Das Arbeiten am Kurzfilm ermöglicht es, allerlei verschiedene filmische Formate zu entwickeln: Filme von unterschiedlicher Länge und auf unterschiedlichem Material gedreht, ergeben unterschiedliche Formen. Die Freiheit der Form ist auch das, was Varda am Kurzfilm schätzt. Viele dieser kurzen Formate, so auch einige »Mini-Filme« aus der Reihe Une minute pour une image, finden sich als »boni« auf ihren selbst edierten DVDs und geben Auskunft über die Sammelleidenschaft der Regisseurin. Sie nutze die Boni-Option, um Bilder aus ihren persönlichen Archiven wiederzuentdecken und neu zu verwerten. In ihrem abendfüllenden essayistischen Dokumentarfilm Les Glaneurs et la glaneuse (Die Sammler und die Sammerlin), der in Du coq à l’âne nur durch das DVD-Cover repräsentiert ist, hat sie die Praxis des (Bilder-) Sammelns zum Thema gemacht. [6] Das Sammeln, Organisieren und Reorganisieren von Bildern und Objekten, das sich als ästhetische Strategie durch Vardas Filme zieht, scheint auch in Du coq à l’âne wieder auf. Die letzte Einstellung des Films zeigt, in einem Kader versammelt, noch einmal einige der von Bergala, Huet und Varda ins Spiel gebrachten Objekte: ein Diktiergerät, Fotos, Postkarten, eine Digitalkamera, Buchstabenwürfel, Flip-Flops, eine Kartoffel (als Referenz an Les Glaneurs et la Glaneuse), Hahn- und Eselsfiguren etc. etc.

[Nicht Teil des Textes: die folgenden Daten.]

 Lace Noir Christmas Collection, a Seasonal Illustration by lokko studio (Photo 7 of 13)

Eine Montage aus Titelsequenzen von Agnès Vardas Kurzfilmen, die Du coq à l’âne gegen Ende vorführt, erzählt von den Produktionsbedingungen, unter denen sie zeitlebens gearbeitet hat. Der Abspann zeigt mal die Regisseurin, wie sie die Credits auf Schrifttafeln ins Bild hält, mal die Filmdosen, auf denen die Titel verzeichnet sind. Auch die von Varda selbst hergestellten Titelsequenzen tragen deutlich die Handschrift der Autorin und weisen sie einmal mehr auch als Produzentin ihrer Filme aus.

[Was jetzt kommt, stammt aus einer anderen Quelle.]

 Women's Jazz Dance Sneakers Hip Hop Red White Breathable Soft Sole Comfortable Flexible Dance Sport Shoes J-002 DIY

Je länger man Vardas Händen zusieht und ihrem Kommentar zuhört, desto deutlicher stellt sich der Eindruck ein, Varda habe die Regie von Du coq à l’âne übernommen – so sehr ähnelt die Ästhetik des filmvermittelnden Films der eines Varda-Films. So wie ein Foto und eine Titelsequenz etwas erzählen können, so lässt sich auch mit Filmbildern sprechen: »Dire avec des images!« lautet Vardas Schlusswort für Du coq à l’âne. »DIRE« sagen auch die bunten Buchstabenwürfel auf dem Tisch und unterstreichen so die performative Kraft, die in diesem Film überall wirksam ist.